Time of flight of a projectile

[CmbkG]

Homework Statement

A projectile of mass m is fired from the ground with a speed of 200m/s at an angle to the ground of 30 degrees. Assuming that the air resistance is linear, given by -mλv where v is the projectile's velocity and λ=0.1 s^-1, then find (taking g=10m.s^-2)

(a)the time of flight (time till it hits the ground again)
(b)the horizontal distance travelled
(c)the maximum height reached during the motion

Homework Equations

The Attempt at a Solution

Vx = Vo cosα
Vy = Vo sinα - gt

X = Xo + Vocosαt
Y = Yo + V0sinαt - gt^2/2

Suppose the particle is launched from the origin:

Xo=Yo=0

therefore: X = Vo cos αt
Y = Vo sinαt - gt^2/2

Eliminating t: t=X/VoCosα

Substitute into Y: Y=Tanαx - gX^2/2VO^2(Cosα)^2

Hence: 0=Tan(30X) - 10X^2/2(200)^2(Cos(30))^2

=Tan(30X) - 10X^2/60000

 

[HallsofIvy]

Homework Statement

A projectile of mass m is fired from the ground with a speed of 200m/s at an angle to the ground of 30 degrees. Assuming that the air resistance is linear, given by -mλv where v is the projectile's velocity and λ=0.1 s^-1, then find (taking g=10m.s^-2)

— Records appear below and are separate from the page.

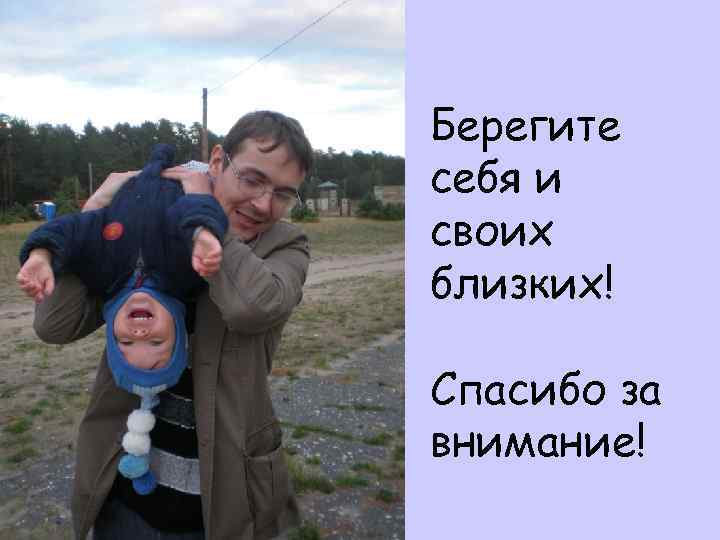 Берегите себя и своих близких! Спасибо за внимание! 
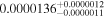 ${0.0000136}_{-0.0000011}^{+0.0000012}$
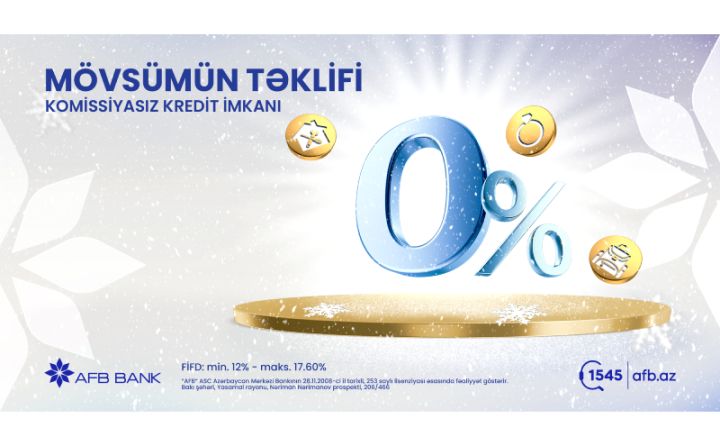 AFB BANK-dan "Mövsümün Təklifi" – Dekabr ayı boyunca davam edəcək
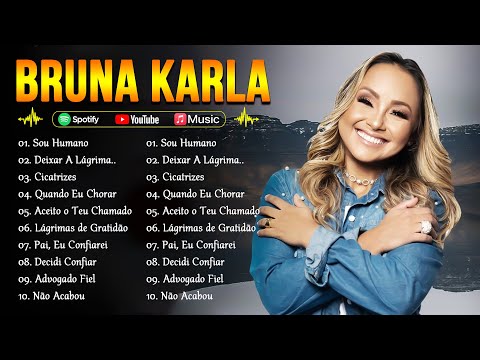 Bruna Karla – As melhores músicas gospel que energizam todos os dias: Sou Humano, Deixar A Lágrima..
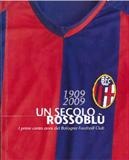 Un secolo rossobl&ugrave;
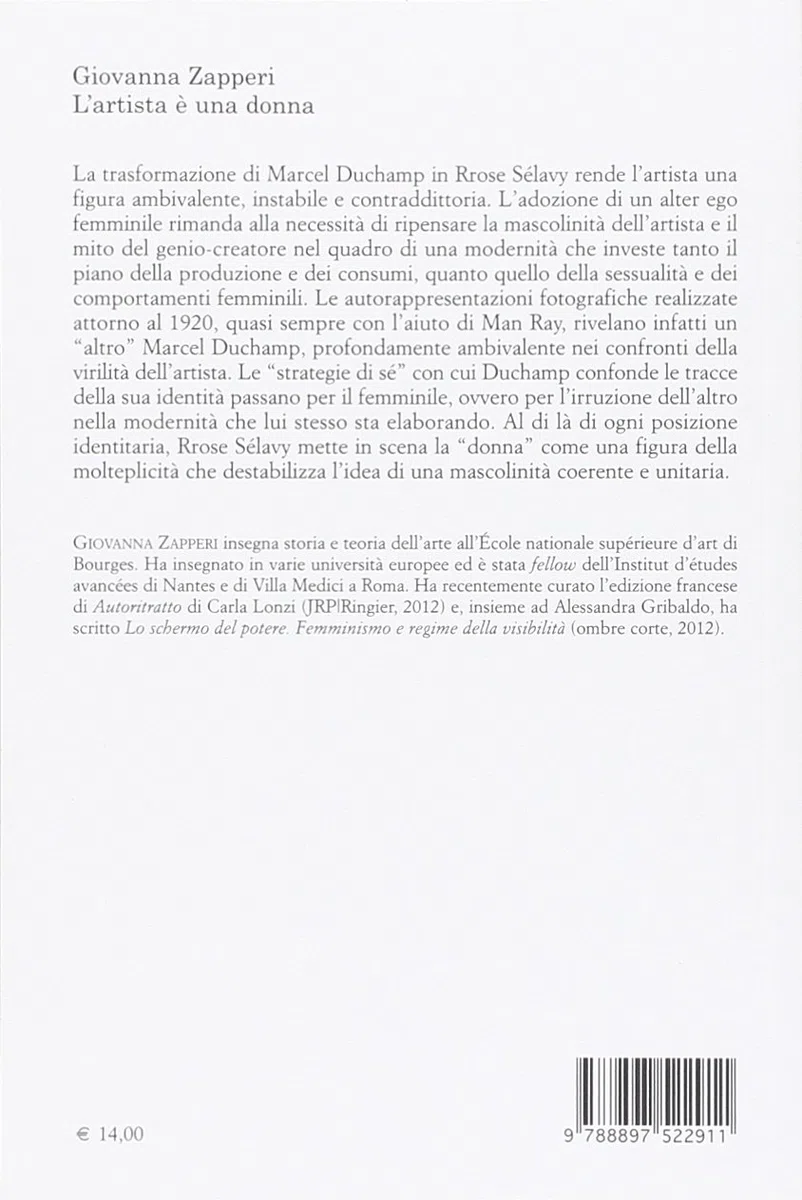 L'artista è una donna. La modernità di Marcel Duchamp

(a)the time of flight (time till it hits the ground again)
(b)the horizontal distance travelled
(c)the maximum height reached during the motion

Homework Equations

The Attempt at a Solution

Vx = Vo cosα
Vy = Vo sinα - gt

X = Xo + Vocosαt
Y = Yo + V0sinαt - gt^2/2

Suppose the particle is launched from the origin:

Xo=Yo=0

therefore: X = Vo cos αt
Y = Vo sinαt - gt^2/2

Eliminating t: t=X/VoCosα

Substitute into Y: Y=Tanαx - gX^2/2VO^2(Cosα)^2

Hence: 0=Tan(30X) - 10X^2/2(200)^2(Cos(30))^2

=Tan(30X) - 10X^2/60000

The angle is "a" so the coefficients are cos a and sin a, "Tanax" means "Tan(a) x", not "Tan(ax)".